DATA EXCERPT:
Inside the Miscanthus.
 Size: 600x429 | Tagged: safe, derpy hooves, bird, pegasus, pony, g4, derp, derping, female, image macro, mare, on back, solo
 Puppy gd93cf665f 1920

YOUR ASSIGNMENT: With the line containing "Size: 600x429 |" as the start, transcribe each line through the end of the listing above, exactly and only.

YOUR SOLUTION:
 Size: 600x429 | Tagged: safe, derpy hooves, bird, pegasus, pony, g4, derp, derping, female, image macro, mare, on back, solo
 Puppy gd93cf665f 1920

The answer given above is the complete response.